Ive got a bunch of guys at our shop asking me about proper calibration of their crimpers, the tool they send with the crimpers for testing does not seen acurate as we are having some issues with leaking pex fittings even though the gauge says they are correctly set, anyone else have issues with this or some input


----------



## plbgbiz (Aug 27, 2010)

Click here >>> http://www.plumbingzone.com/f3/ for PEX calibration threads.


----------



## Tommy plumber (Feb 19, 2010)

Do you have a 'no-go' gauge? It slips over the crimped pex ring to check the crimp.
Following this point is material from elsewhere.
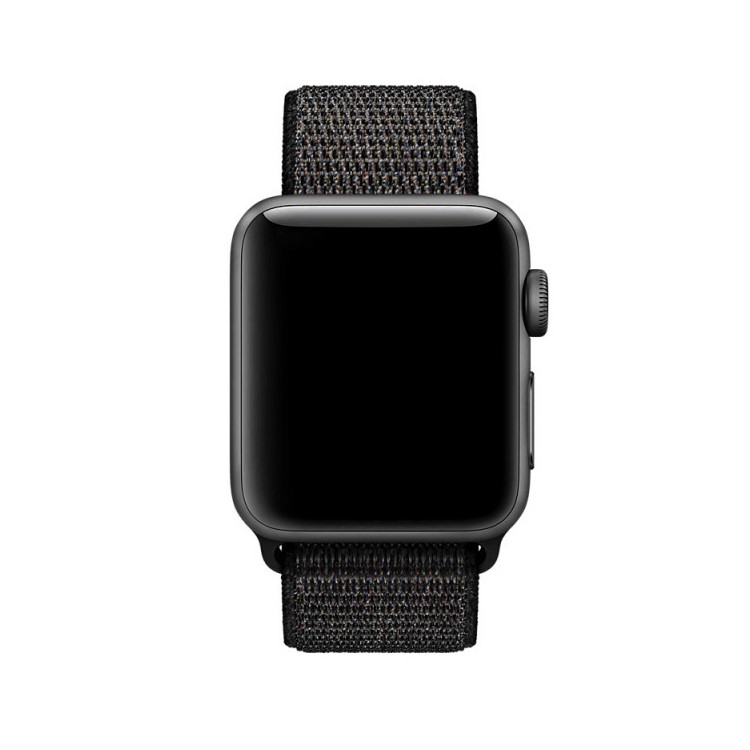 Velcro Closure Nylon Watch Bracelet Replacement with Connector for Apple Watch Series 4 44mm / Series 3 2 1 42mm - Black-2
There should be an adjustment screw on the crimp tool.


----------



## Airgap (Dec 18, 2008)

Hmmmnnn....


----------



## GREENPLUM (Jul 27, 2008)




----------



## AKdaplumba (Jan 12, 2010)

their is a tag on crimpers that tell you the proper spacing of the handles


----------



## seanny deep (Jan 28, 2012)

Go wirsbo no problems crimped pex sucks... Allthough i do have to use it for cheap clients time to time.


----------



## Redwood (Sep 8, 2008)

What's wrong with sweating the pex....:laughing:

The answers might be better with an introduction....:yes:


----------



## incarnatopnh (Feb 1, 2011)

Most people would just use sharkbites...


----------



## AWWGH (May 2, 2011)

I just heat the PEX with my torch and then throw it on barbed fittings with a hose clamp.

No leaks yet!


----------



## evilcyrus (Apr 27, 2009)

our shop uses ... pinch style and nuttin but leaks latley... i'm pushn for Wirs.. i might win. if not i'm going my self down the path..


----------